The increase in author numbers is due not only to increasing research complexity (technical sophistication of research process and attendant specialization of individual researchers) and collaboration but also to increasing competition. This competition includes pressures from evaluative criteria such as grants, patents, publications, and article citation rates that directly affect hiring, promotion, and tenure and indirectly affect social capital among colleagues, as well as pressures from scarce resource allocation (extramural grants, institutional support, compensation), and promotion, tenure, and recognition (prizes, awards).16  An analysis of the first 50 original articles published in the Journal of the American Medical Association, the New England Journal of Medicine, and the British Medical Journal each decade from 1960 to 2010 concluded that increasing research complexity and effort was an inadequate explanation for authorship growth.17  Instead, the better explanation was increasing academic pressure to publish, and the paucity of incentives to reduce multiple authorship—that is, author inflation.17,18  Another analysis also examined whether growing coauthorship was due to increasing complexity or increasing competition.16  It concluded that both complexity and competition contribute to higher author counts, but the role of complexity was steady or declining, while that of competition increased markedly. Another, game theory–based, analysis suggested that pursuit of the h-index (which grows with author numbers) was a “rational behavior” consequence of the current academic reward system.19  Thus, authorship growth is being driven in part by the academic reward system and attendant pressures. This is unfortunate, if not detrimental. Indeed, the pressures from institutional metrics have spawned an entire ecology of academic misconduct and manipulation.1  This is particularly problematic from a journals perspective because they have become involuntary victims of the struggle by universities to solve their own intractable problems regarding promotion and reward processes, which are perhaps most acute with biomedical sciences and clinical faculty.

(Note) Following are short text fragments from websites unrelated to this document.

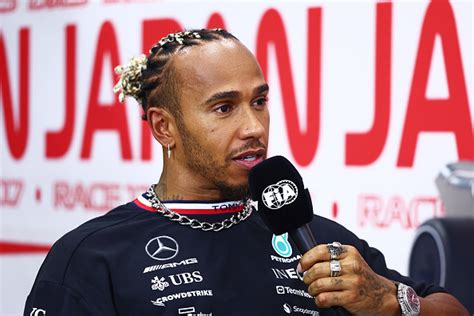 Lewis Hamilton makes Red Bull prediction ahead of Japanese Grand Prix ...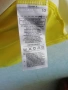 Колумбия оригинална тениска фланелка Adidas екип Colombia , снимка 9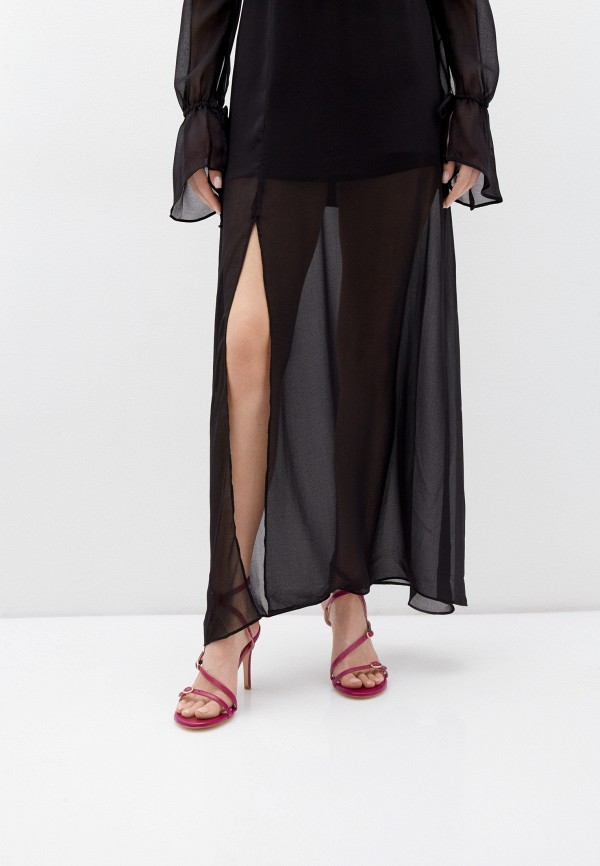 фото Босоножки alohas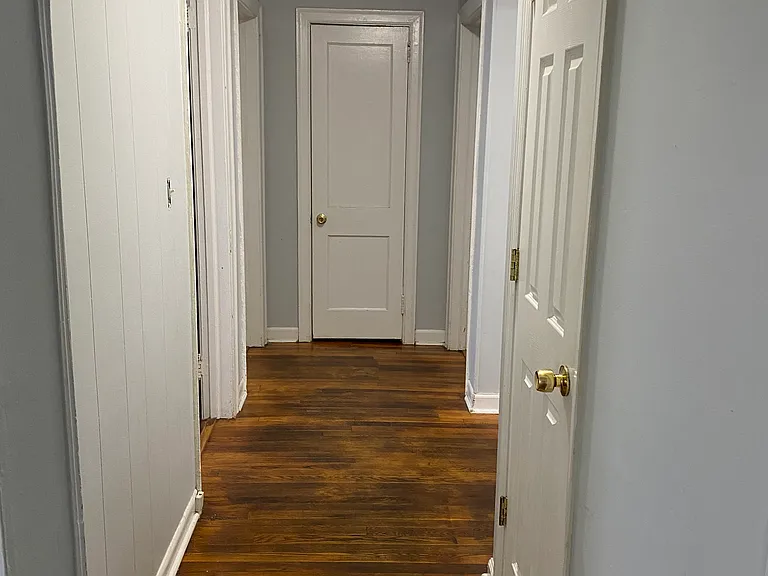 31 Yeadon Ave #A — Photo 5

A corollary of author inflation is author perceptions of contribution. Authors may overestimate their contribution to science.20  When coauthors of multiauthored articles were asked to estimate their fractional contribution to multiauthor articles, the sum exceeded 100% (it was 168%). When asked again, with a reminder that the sum cannot exceed 100%, the sum still remained greater than 100% (133%). Researchers had estimated their role as greater than it probably was and greater than what their collaborators thought it was.20  Disagreements about authorship naming are unfortunately common, and the most important factor leading to author disagreements is “measuring or valuing contributions,” which can affect scientific integrity, reputations, wellbeing, team cohesion, and future collaborations.14 

Authorship is a matter of scholarly integrity. Author plurality per se is not at issue. Author inflation is problematic and disconcerting, but the inclusion of gift and guest authors is truly unethical and rampant. Such authorship practices are considered a type of research fraud.21 Gift (honorary, courtesy) authorship is offered from a sense of obligation, tribute, dependence, or respect to an individual who did not contribute to the work in return for anticipated benefit (e.g., a department chair) or to a junior intending to advance their career. This is perceived to be the most prevalent type of authorship fraud. Guest (celebrity, prestige, complementary) authorship is granted in the belief that expert standing of the guest will increase the likelihood of publication or the credibility or status of the work or the authors. Gift and guest authorship are often referred to interchangeably. One-fourth to one-third of published original research articles in six leading medical journals had one or more honorary authors.22,23  More than one-third of Cochrane reviews had gift authors,24  and authorship criteria were probably not met by all authors in more than half of the reviews with more than 15 authors.25  Among the major various types of research fraud, gift authorship was perceived to be the most prevalent by faculty at U.S. research-intensive universities21  and by Chinese faculty who had recently worked in China and were working at European universities when surveyed.26 

What is the harm of a few extra authors? Why not a few “guests”? Why not hand out some “gifts”? Why not keep the boss happy—make them an author? Why not give authorship to a trainee who was essentially uninvolved but could certainly use a citation or two on their CV to “help” their career? Why not include the nice clinical fellow who collected a blood sample while on call? What about a surgeon who “requires” coauthorship as the “price” to enroll “their patient” in a clinical study?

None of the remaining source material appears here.